═══ Given records
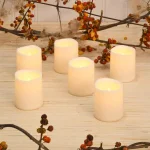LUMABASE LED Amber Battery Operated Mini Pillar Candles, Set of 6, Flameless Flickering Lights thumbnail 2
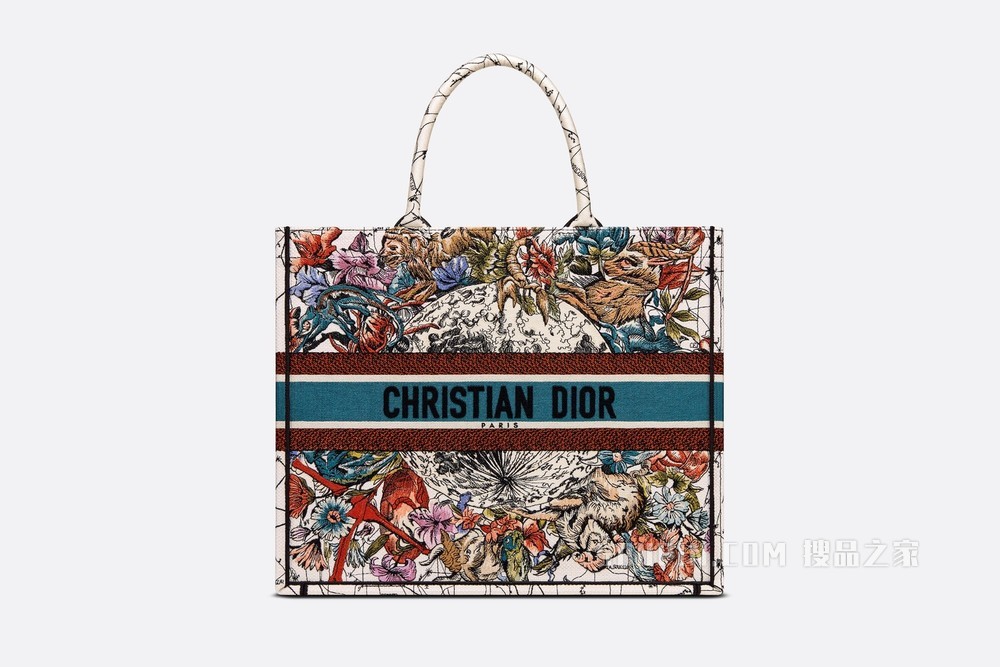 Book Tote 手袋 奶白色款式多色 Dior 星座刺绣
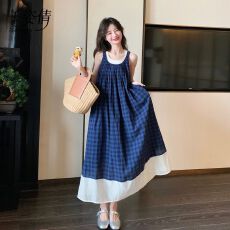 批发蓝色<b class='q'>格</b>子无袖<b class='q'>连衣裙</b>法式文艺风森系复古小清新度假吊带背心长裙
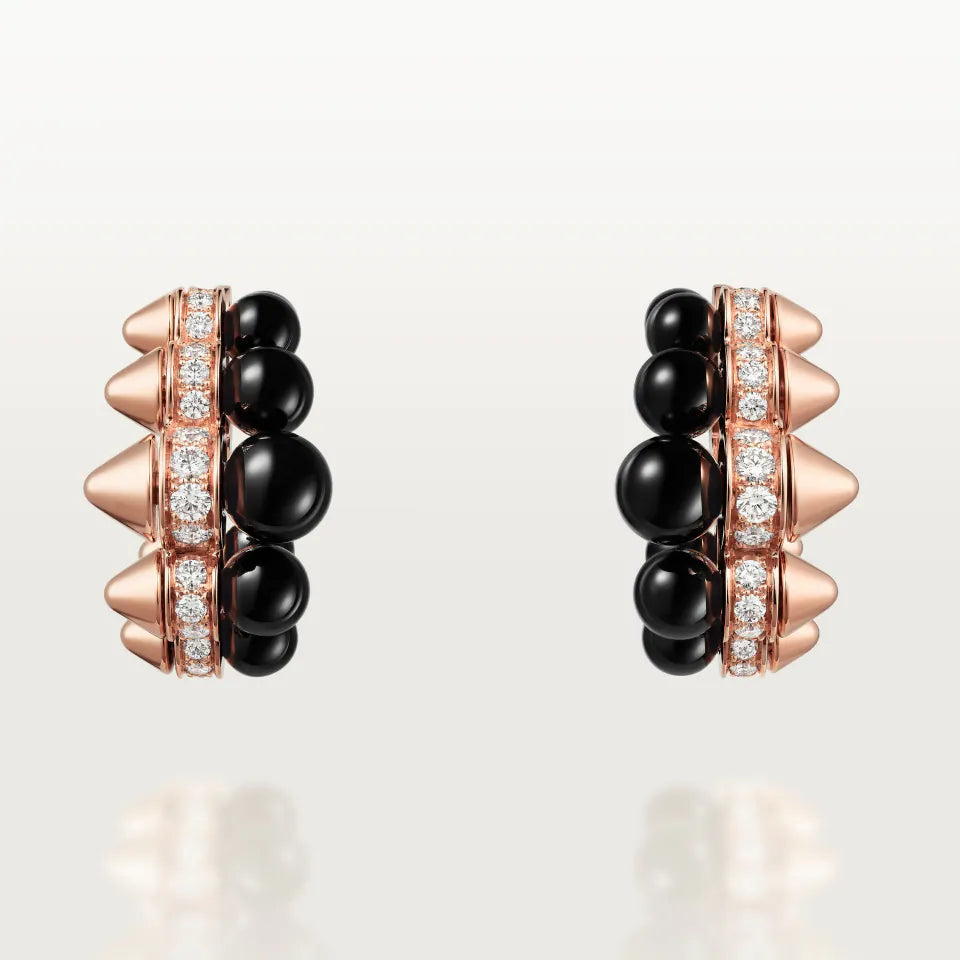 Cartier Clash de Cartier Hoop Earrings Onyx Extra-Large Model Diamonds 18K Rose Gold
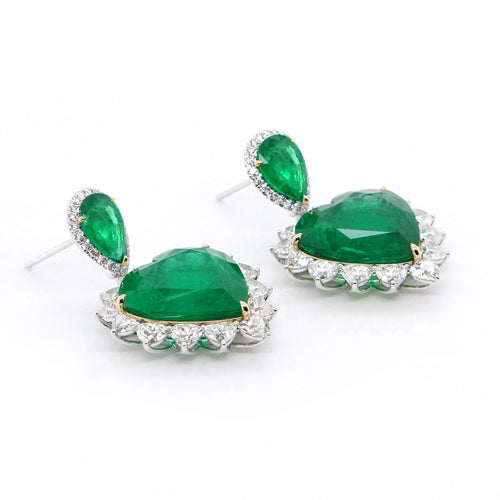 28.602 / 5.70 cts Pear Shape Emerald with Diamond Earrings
══════
═══ Given records
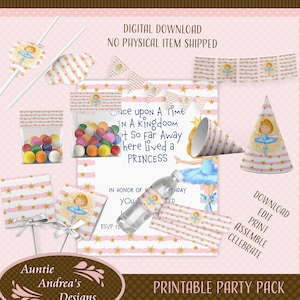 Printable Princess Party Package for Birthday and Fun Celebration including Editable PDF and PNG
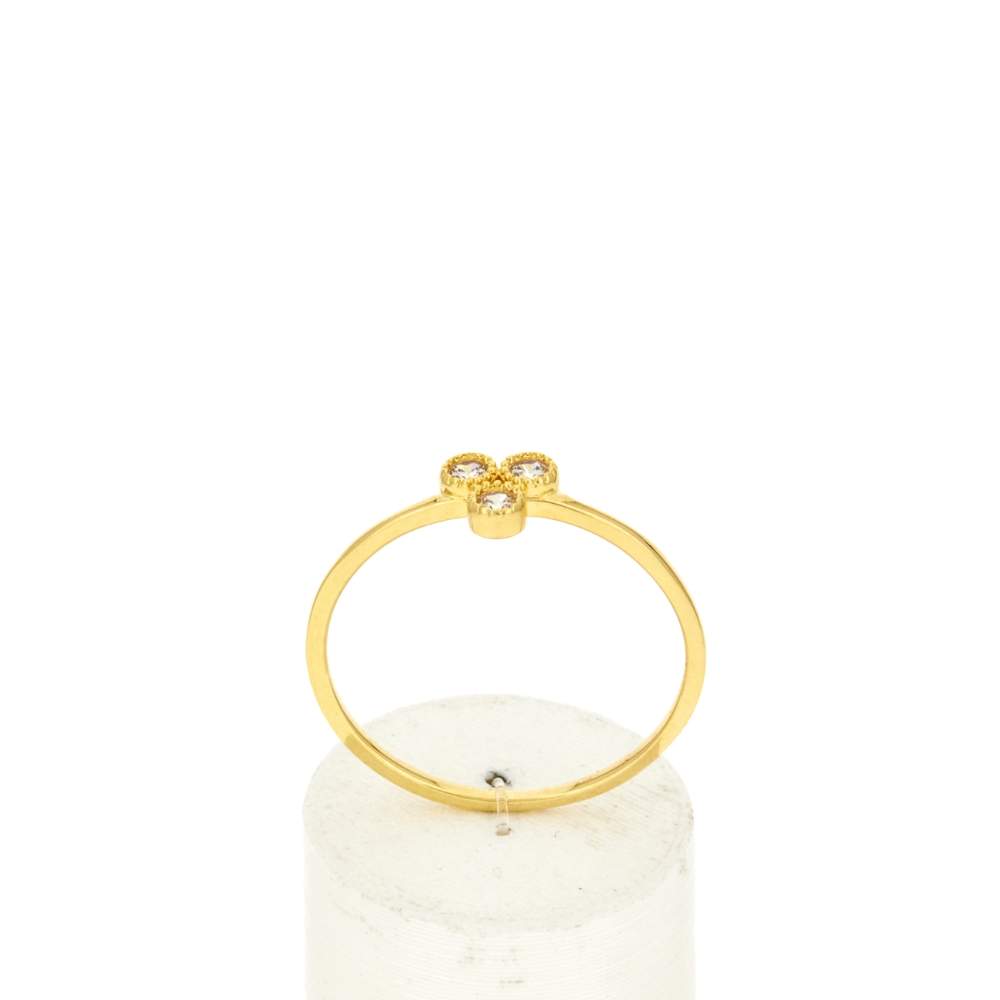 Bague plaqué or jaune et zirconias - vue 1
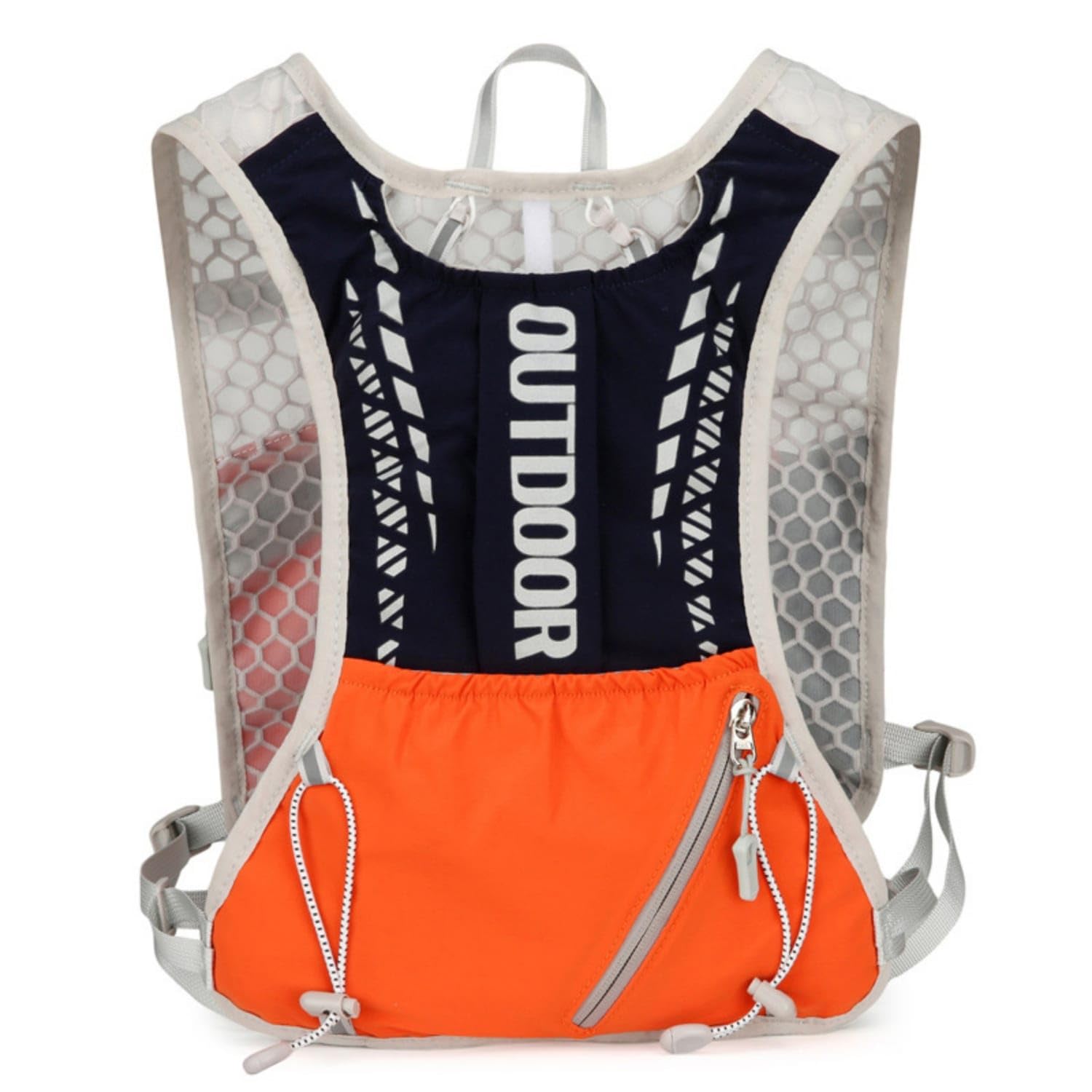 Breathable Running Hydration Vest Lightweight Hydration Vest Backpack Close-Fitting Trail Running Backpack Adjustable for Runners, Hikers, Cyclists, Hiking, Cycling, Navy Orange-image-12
══════
═══ Given records
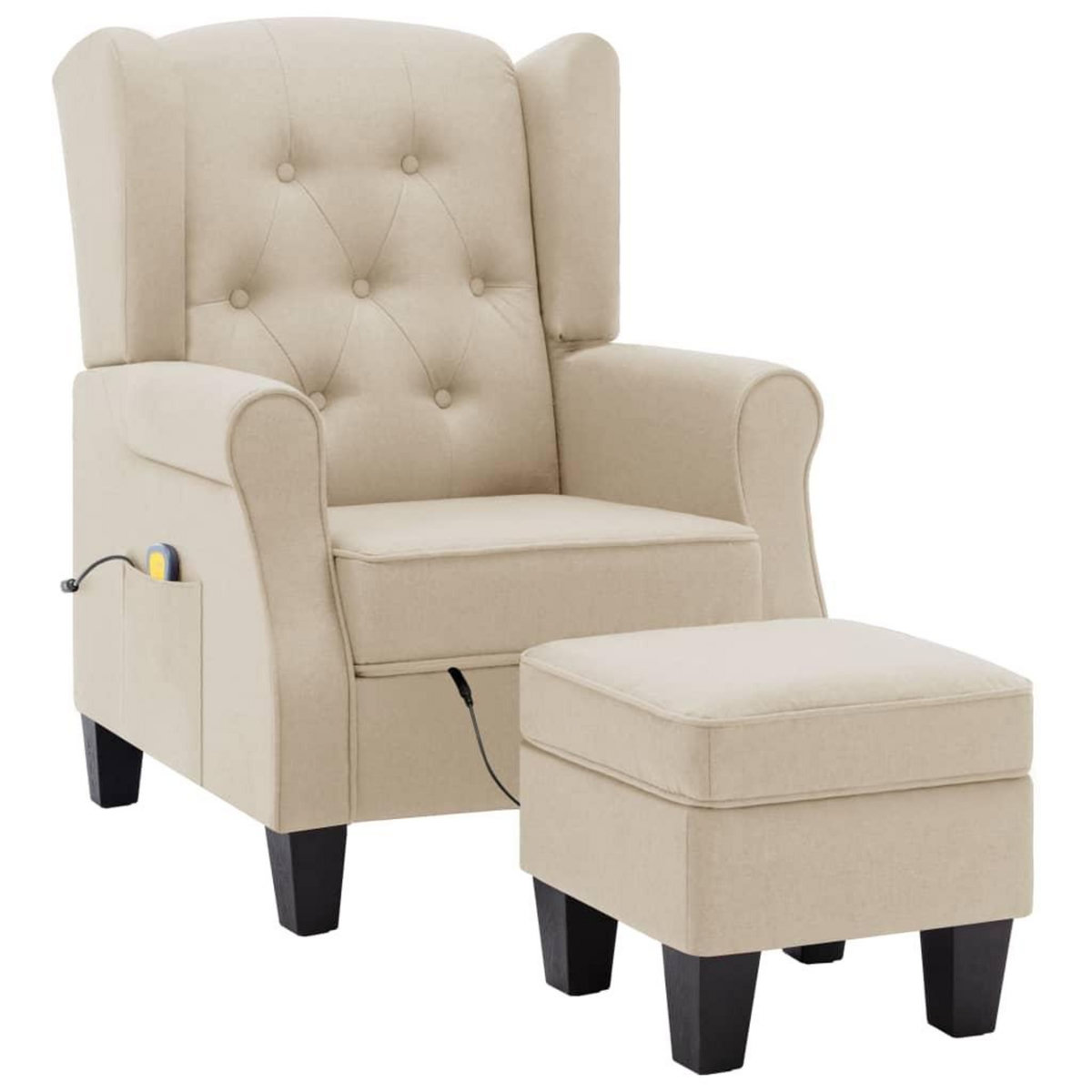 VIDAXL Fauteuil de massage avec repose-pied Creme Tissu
══════
◆ What you have to do
Above, find the line with "LUMABASE LED Amber"; copy it and every line down to the line with "28.602 / 5.70", exactly and both included, but no pictures.

◆ Answer box
LUMABASE LED Amber Battery Operated Mini Pillar Candles, Set of 6, Flameless Flickering Lights thumbnail 2
 Book Tote 手袋 奶白色款式多色 Dior 星座刺绣
 批发蓝色<b class='q'>格</b>子无袖<b class='q'>连衣裙</b>法式文艺风森系复古小清新度假吊带背心长裙
 Cartier Clash de Cartier Hoop Earrings Onyx Extra-Large Model Diamonds 18K Rose Gold
 28.602 / 5.70 cts Pear Shape Emerald with Diamond Earrings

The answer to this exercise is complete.